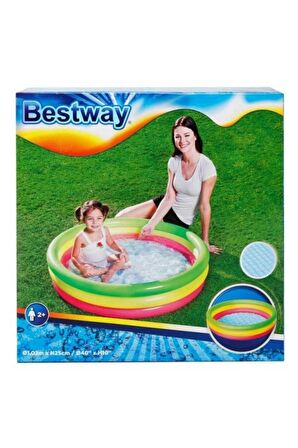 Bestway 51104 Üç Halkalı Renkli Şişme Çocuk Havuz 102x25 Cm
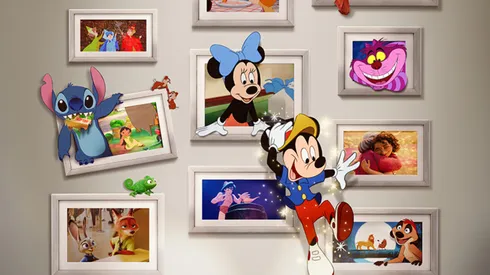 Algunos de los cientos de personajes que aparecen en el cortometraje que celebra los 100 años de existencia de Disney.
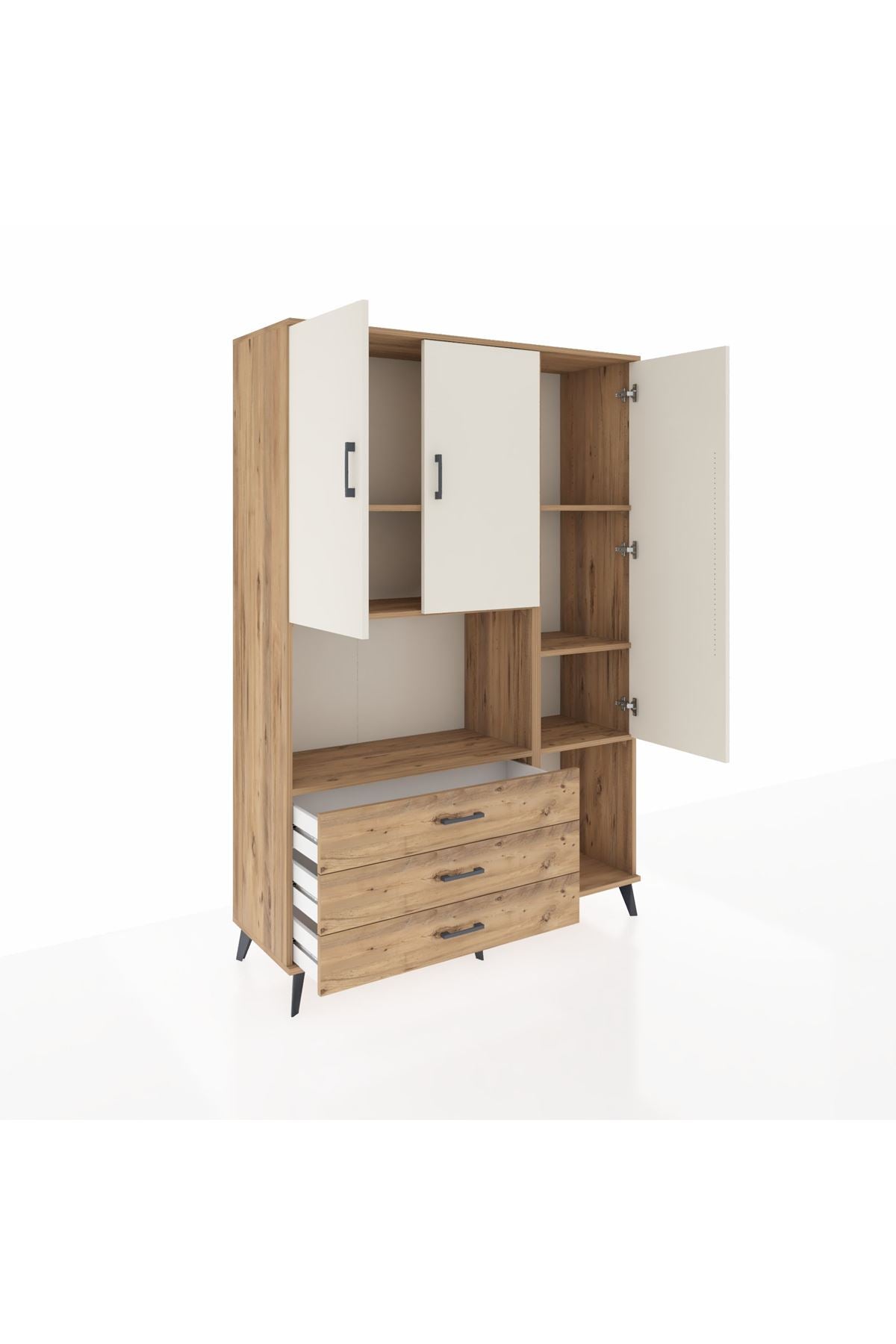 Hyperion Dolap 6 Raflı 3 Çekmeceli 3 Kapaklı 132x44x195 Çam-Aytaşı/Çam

···

• Assigned task: Give back the material exactly as written, images excluded.

• Written solution:
 Bestway 51104 Üç Halkalı Renkli Şişme Çocuk Havuz 102x25 Cm
 Algunos de los cientos de personajes que aparecen en el cortometraje que celebra los 100 años de existencia de Disney.
 Hyperion Dolap 6 Raflı 3 Çekmeceli 3 Kapaklı 132x44x195 Çam-Aytaşı/Çam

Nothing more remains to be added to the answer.